The price of crude oil, the wholesale price of gasoline, retail mark-up and taxes are the four primary factors that influence gas prices in Ottawa and all of Canada, according to the Canadian Fuels Association. Unique influences independently impact each factor.
Supply and demand influences the price of crude oil, which is a global commodity, explains the Canadian Fuels Association. Additionally, supply and demand is impacted by factors that include the influence of the Organization of Petroleum Exporting Countries as well as natural disasters and military events in oil-producing regions.
Since gasoline is a commodity, daily trading activity determines the wholesale price, advises the Canadian Fuels Association. The price of crude oil affects the cost of wholesale gasoline, but refinery incidents, changes in demand and poor weather also play roles in determining the price of crude oil.

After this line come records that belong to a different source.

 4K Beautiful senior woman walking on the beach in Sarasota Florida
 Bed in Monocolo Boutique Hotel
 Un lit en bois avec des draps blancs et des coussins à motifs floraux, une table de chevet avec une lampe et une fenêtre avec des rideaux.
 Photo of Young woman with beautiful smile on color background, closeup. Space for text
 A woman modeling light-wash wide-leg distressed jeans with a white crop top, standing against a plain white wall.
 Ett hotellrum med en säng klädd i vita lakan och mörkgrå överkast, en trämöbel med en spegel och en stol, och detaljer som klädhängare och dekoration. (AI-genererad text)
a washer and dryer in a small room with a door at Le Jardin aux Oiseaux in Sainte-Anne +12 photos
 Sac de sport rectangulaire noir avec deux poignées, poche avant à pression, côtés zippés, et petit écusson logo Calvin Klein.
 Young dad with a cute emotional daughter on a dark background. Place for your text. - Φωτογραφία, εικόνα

Retail mark-up of gasoline is the difference between the wholesale cost of gasoline and the pump price before any added tax, as the Canadian Fuels Association explains. Profit and operating expenses are covered by the retail mark-up. As the wholesale cost of gasoline fluctuates, the pump price changes, and part of that change is a shift up or down in the retail mark-up.
Federal and provincial taxes are added to retail gas prices, as the Canadian Fuels Association indicates. Some municipalities also charge additional local taxes, which is one reason that gas prices fluctuate between regions.